PanNoirとは
PanNoir V1は、Merging Technologiesによって開発されたVSTプラグインで、任意のモノラルソースを別のステレオソースに合わせることができます。
クラシック録音の文脈では、メインのステレオペアとソリスト、よりダイナミックな楽器、またはアンビエンスマイクをキャプチャするスポットマイクがある場合、PanNoirは各スポットマイクを位相と振幅の両方でメインペアに完全に整合させることを可能にします。これにより、スポットマイクがミックスの左チャンネルと右チャンネルに正しい時間差で効果的に配置されます。
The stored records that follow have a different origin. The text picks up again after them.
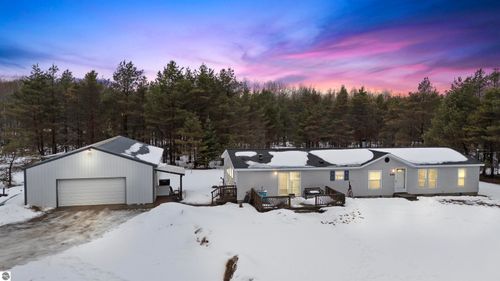 6565 N 31 Rd, Manton, MI, 49663-8031 | Card Image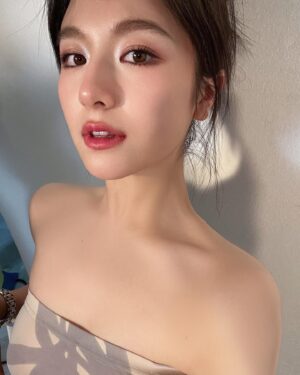 Li Landy Instagram - 🤎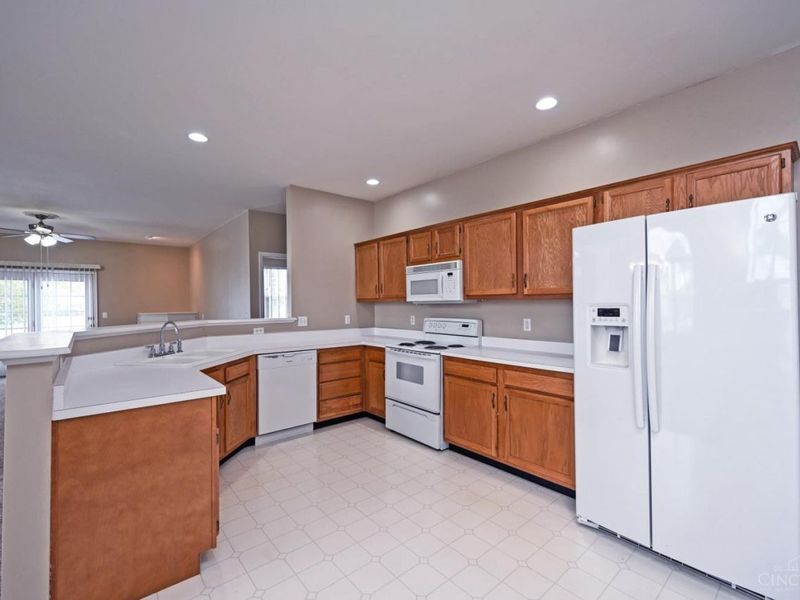 704 Traverse Creek Drive, Miami Twp, OH 45150 Photo 18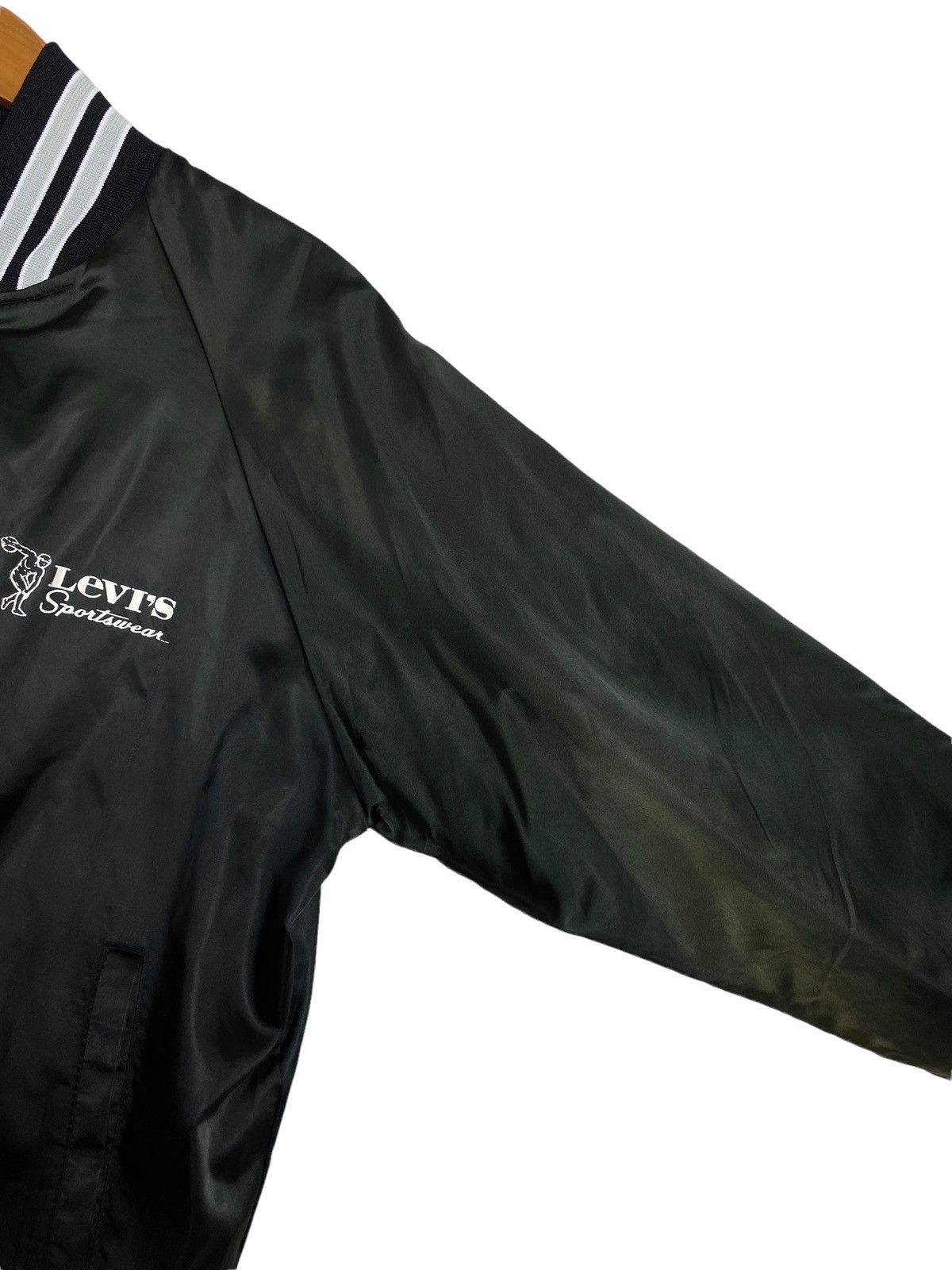 Levi's Vtg Levi’s Sportwear Varsity Satin Jacket Usa Scovil Button Size US L / EU 52-54 / 3 - 8 Thumbnail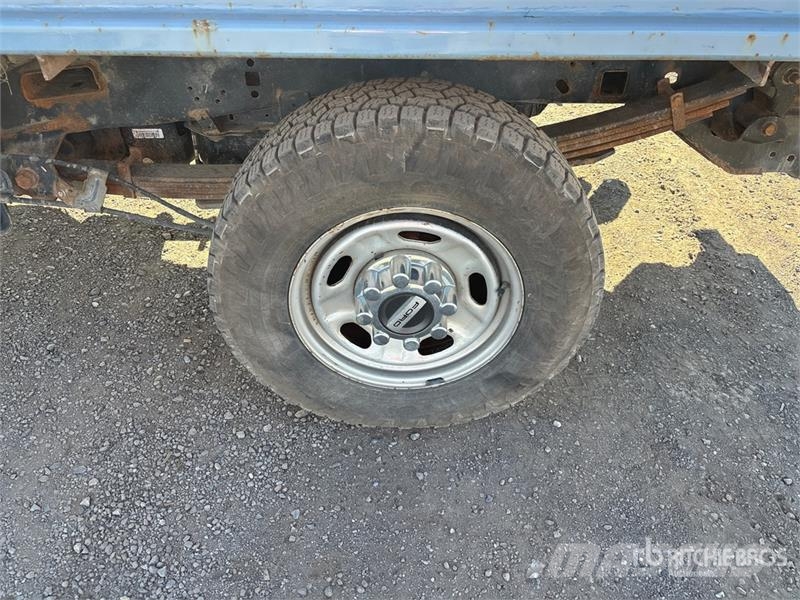 Ford F-250 Kamioni sa otvorenim sandukom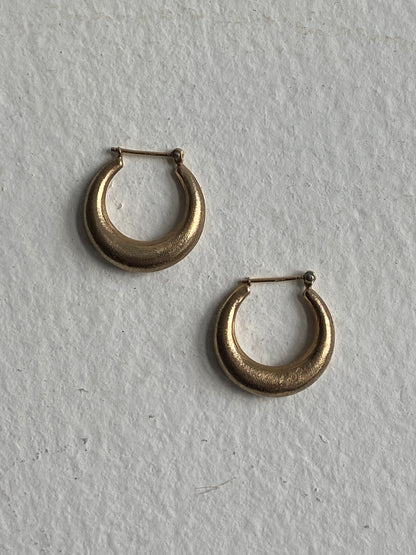VINTAGE 14K GOLD BRUSHED HOOP EARRINGS, 20 MM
従来のDAWのパンナーは単にレベルのみを使用し、時間差は考慮しません。
実際には、このツールは卓越したディテール、より正確で説得力のあるステレオイメージング、メインアレイとスポットマイク間の典型的なコムフィルタリングの補正を明らかにし、より開放的なサウンドをもたらします。
PanNoir 2.0とは
PanNoir 2.0の大きなアップグレードは、Pyramix 16に統合されたことであり、これによりVSTの前バージョンよりもはるかに柔軟になり、アルゴリズム面、処理面、UI統合の両方で改善がなされています。
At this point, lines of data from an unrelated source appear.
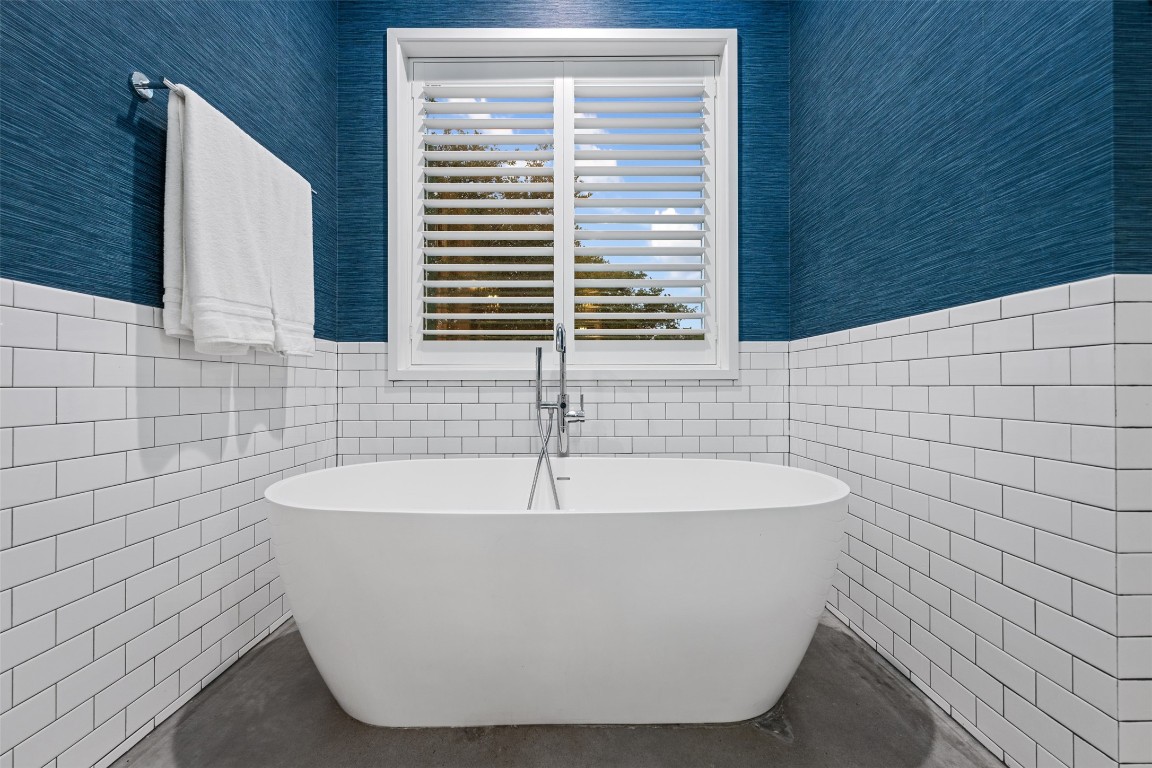 2611 Improver Road , Spicewood, TX, 78669 | 1935858 | Realty Texas LLC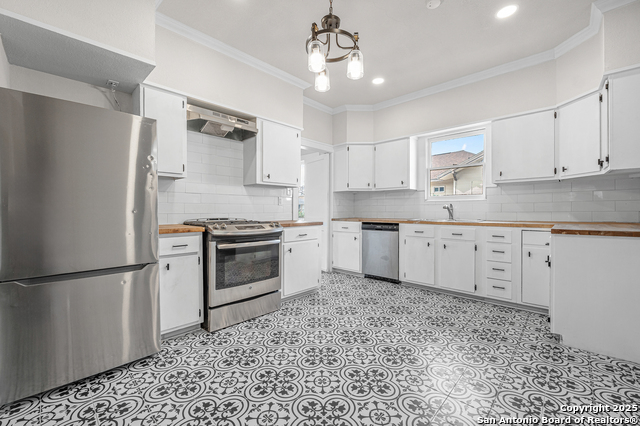 Image 11 of 27 For 343 Canton  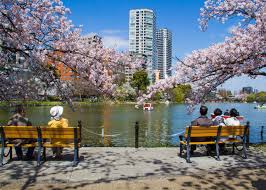 It is famous for its mascots: Tokyo Ueno Park Complete Seasonal Flowers Guide Where To See Cherry Blossoms Lotus And More Live Japan Travel Guide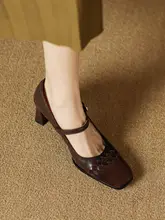 フレンチスタイルのレトロなスクエアトゥアンクルストラップヒールシューズ【真皮・マリージェーンデザイン】（セットアップ対応）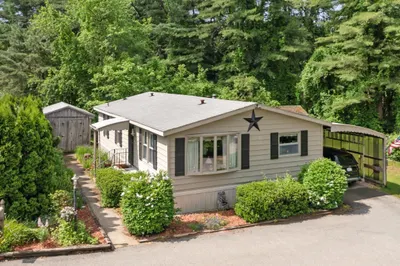 139 Pine Avenue 1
また、ステレオのスポットマイクも整合可能になりました。
つまり、PanNoirは有効にするとミキサーの一部となり、従来のパンとエフェクトスロットの間に新しいUIラインとして表示されます:
PanNoir 2.0 の使い方は?
PanNoir 2.0 の有効化
まず、目的のプロジェクトのミキサーでPanNoirを有効にする必要があります:
これが完了すると、紹介で示した新しいPanNoirセクションがミキサーに表示されます。
メインステレオペアの設定
次に、スポットマイクの遅延と振幅が正しく計算されるように、メインステレオペアを適切に設定することが重要です。
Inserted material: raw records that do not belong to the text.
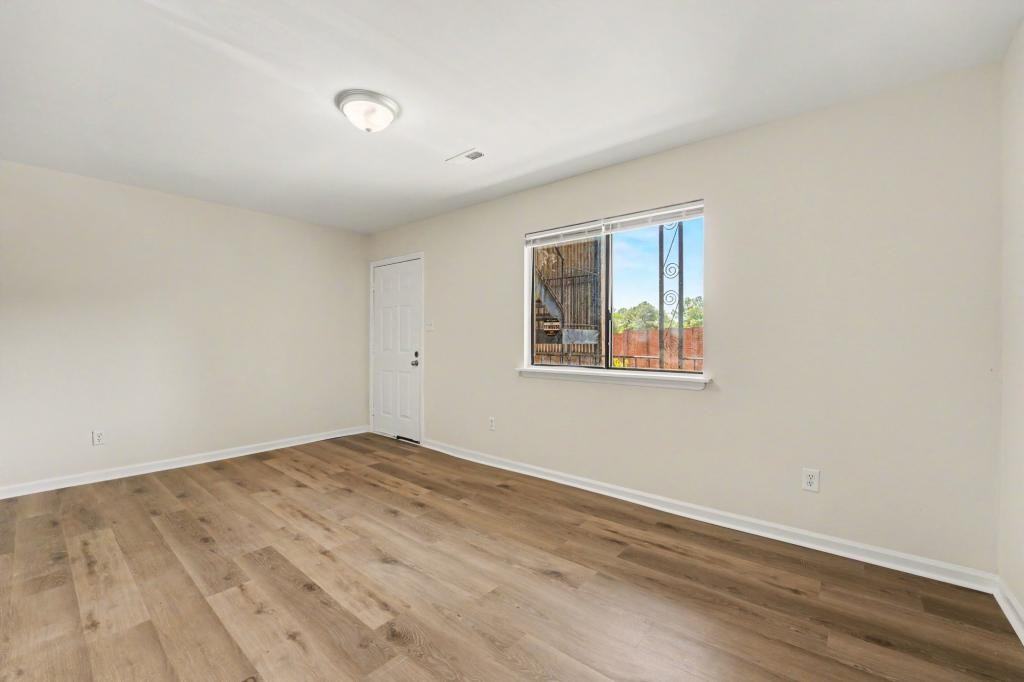 1309 Hudson Ave - Photo 3 of 19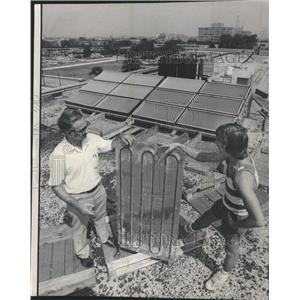 1975 Press Photo A Rooftop Solar Energy Collector - RRW48643
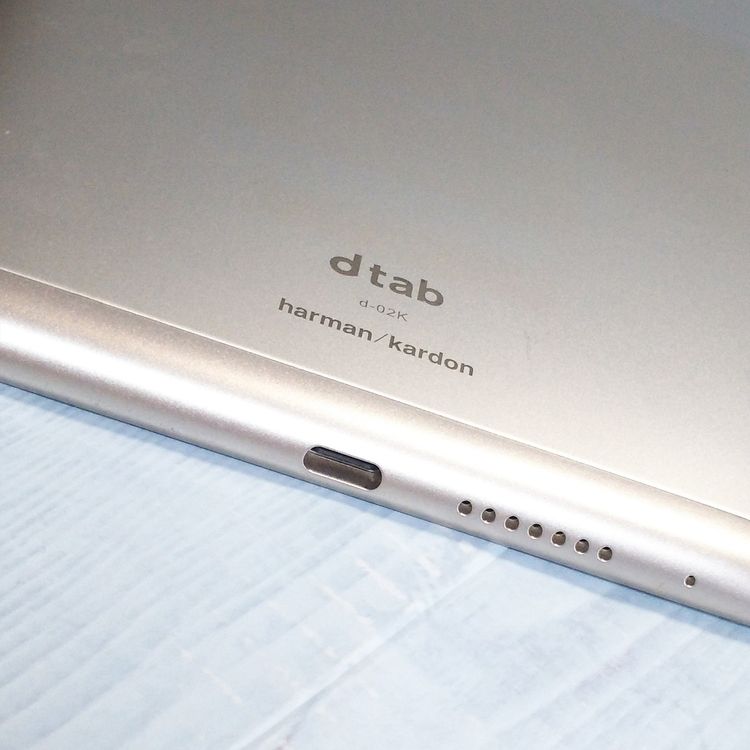 docomo dtab Compact d-02K ������� HUAWEI  206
そのために、メインアレイのステレオストリップ上でPanNoirのUIを開きます:
ここから、ストリップをメインステレオペア(1)として設定し、適切な距離、角度、指向性を設定できます。
UIの右下にある「Directivity Preset」領域では、MergingがNeumannの一部であることから提供されるNeumannマイクの正確な仕様に従って指向性を設定できます。
また、左下の「Room Size」を使用して、ビューのスケールを実際の録音に合わせたり、スポットマイクをよりクリエイティブに扱う際に詳細を拡大表示したりできます。
スポットマイクの設定
スポットマイクの配置については、ユーザーがスポットマイクと中心からの角度偏差との距離を指定できます:
これらの設定は手動で入力できますが、特に録音セットアップ時にマイクの位置が測定されていなかった場合、聴いたり波形を見たりするだけで元の位置を把握するのは難しいことがあります。
そこでMergingは、タイムラインに存在するオーディオを使用して、スポットマイクからメインアレイまでの距離を自動的に計算できるアルゴリズムを開発しました。以下で説明します。
PanNoirの追加機能として、「Balance」ノブがあり、従来のレベルパンを可能にします。
これは非常に便利で、距離と角度から計算された遅延と振幅は影響を受けず、信号は位相で完全に整合したまま、ユーザーが整合後に特定のスポットマイクの配置を誇張したり中央に寄せたりすることができます。
マイク位置の計算
マイク位置の計算はスポットマイクごとに行われ、スポットマイクごとに一度だけ実行する必要があります。
通常、セットアップ段階で、テスト信号を各スポットマイクのカプセルの近くからメインステレオペアに向けて発信し、飽和/クリッピングを避けるべきです。
約1秒の長さで倍音が豊富なテスト信号(スイープ、ギターコードなど)が最も効果的です。
スポットマイクの位置を計算したい場合は、以下の手順で進めてください:
サンプリングレートが48kHzを超えている場合は、プロジェクトを44.1kHzまたは48kHzに設定し、リアルタイムSRCを有効にしてください。
そうしないと、計算時間が管理不能になります(96kHzで5分以上、192kHzで2時間以上)。計算したいテスト信号の前にカーソルを置きます。
計算したいストリップのPanNoirを開き、「Compute Mic Position」をクリックします。
「OK」を押し、アルゴリズムに適切な距離を自動的に見つけさせます。
計算された距離を確認し、そのスポットマイクに適用するかどうかを決定します。
ソースの分離
多くの場合、オーバーダブとして録音された、または別の部屋で録音されたためにメインペアに信号が寄与しないソースをこの遅延計算から除外したい場合があります。